Bien que l'aspect compétitif de cette émission soit un moyen de maintenir notre intérêt chaque semaine, le vote du public en fait davantage un concours de popularité. Mais gardons une certaine perspective ici.

Dancing with the Stars est un spectacle de variétés composé de méchants, de victimes et de vainqueurs. Le juge méchant Brian Redmond joue le rôle de Craig Revel Horwood de la BBC et le juge flamboyant Julian Benson est notre version de Bruno Tonioli.

Mais devons-nous vraiment prendre cela au sérieux et créer des histoires blessantes? Je suis un grand fan de l'émission et de l'original de la BBC.
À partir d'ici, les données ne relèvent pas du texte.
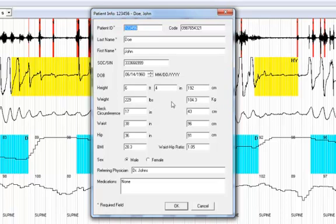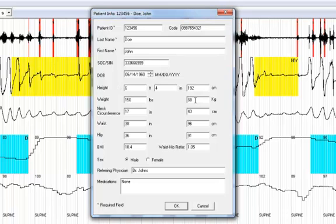If you automatically enter in the imperial measurement, for example, it will automatically calculate the metric equivalent. You need to tab between the fields to make the change appear.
Je ne cesse d'être étonné du courage des célébrités, se mettant à la télévision pour être jugées et critiquées. Eh bien, c'est bon pour eux, dis-je.

Cela m'a également fait penser à des situations similaires dans le monde des affaires. Trop souvent, j'ai vu les difficultés qu'un gestionnaire nouvellement nommé peut rencontrer lorsqu'il est promu au sein d'un groupe de pairs.

Pour une raison quelconque, ils sont souvent rabaissés, ridiculisés ou les deux.

Les nouvelles équipes qu'elles doivent diriger peuvent être méchantes et résistantes. Et c'est avec des gens de tous âges.

Je l'ai également vu avec des entrepreneurs lors du démarrage d'une nouvelle entreprise. Être entrepreneur peut être très consommateur et les risques qu'ils prennent avec leur argent et leur réputation exigent une grande audace.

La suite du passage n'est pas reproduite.